On Sat, 05 Mar 2005 20:24:06 -0500, Mark Diggory <[EMAIL PROTECTED]> wrote:
> Even if we have to go through the incubator, I'm convinced that adding
> the JAMA codebase into the math library is the best option. IMHO, I'm

Can't see why the Incubator would be needed if the aim was to go from
Apache/Jakarta/Commons/Math to Apache/Jakarta/Math.

 If it was to goto Apache/Math, might be a it more needed in terms of
community discussion etc.

> convinced that while the JAMA folks were very generous and open to
> providing the codebase to the public domain, that further enhancing its
> capabilities and providing any user support is not really in their
> interest. It would be far more in our interest if we forked the codebase
> and supported it. 

+1 assuming they're not actively supporting theirs anymore.

> Any suggestion that the "JAMA folks" would have to
> "agree" to this is not the nature of public domain, IMO reuse of public
> domain doesn't require any such acknowledgment, though we should
> liberally acknowledge their contribution wherever possible.

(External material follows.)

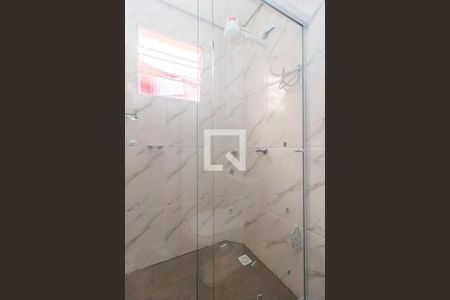 Casa para alugar com 80m², 2 quartos e 1 vaga Casa para alugar com 80m², 2 quartos e 1 vagaBanheiro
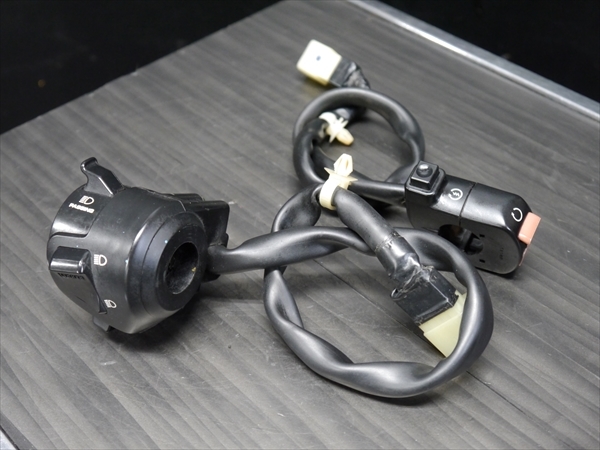 R52844 CBR1000RR SC57HRCレーサー 純正 ハンドル スイッチ 左右 集合スイッチ 薄型 CBR600RR GSX-R1000 YZF-R1 ヨシムラ ZX-10R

Or in the nature of the Apache licence. Still, it's polite to do so.
Having their blessing is good from a PR point of view of a fork, it
makes us the good natured folk who are supporting the tool, and not
the evil baddies who are unwilling to work with the original.

I assume that we'd still treat JAMA/RngPack as trademarks/names owned by others.

> http://www.google.com/search?hl=en&lr=&client=firefox-a&rls=org.mozilla:en-US:official&oi=defmore&q=define:public+domain
> 
> http://math.nist.gov/javanumerics/jama/
> 
> > *Copyright Notice* /This software is a cooperative product of The
> > MathWorks and the National Institute of Standards and Technology
> > (NIST) which has been released to the public domain. Neither The
> > MathWorks nor NIST assumes any responsibility whatsoever for its use
> > by other parties, and makes no guarantees, expressed or implied, about
> > its quality, reliability, or any other characteristic./
> >
> Note, JAMA is not a large codebase, and is in the public domain. As
> such, does this really require the need for an "Incubator project"?

Creation of math.apache.org might.

If the JAMA/NIST community were moving their code over to apache.org,
then it definitely would. As it is it sounds like we're just talking
about an existing part of the Apache community forking a piece of code
to use within their exisitng community.

Incubation is really about communities and not code, so if the
community is already incubated, I don't see why the code would have to
be.

Would you be looking to pull in the whole thing, or just using the
JAMA/NIST code as a place to aquire some snippets/classes? I assume
there's a fair amount of duplication already?

While it's public domain, would we still treat it as a contribution
(albeit one we pull rather than a contributor push) and maintain a
note of contribution in the source or NOTICE?

Let me know if you need anything Phil.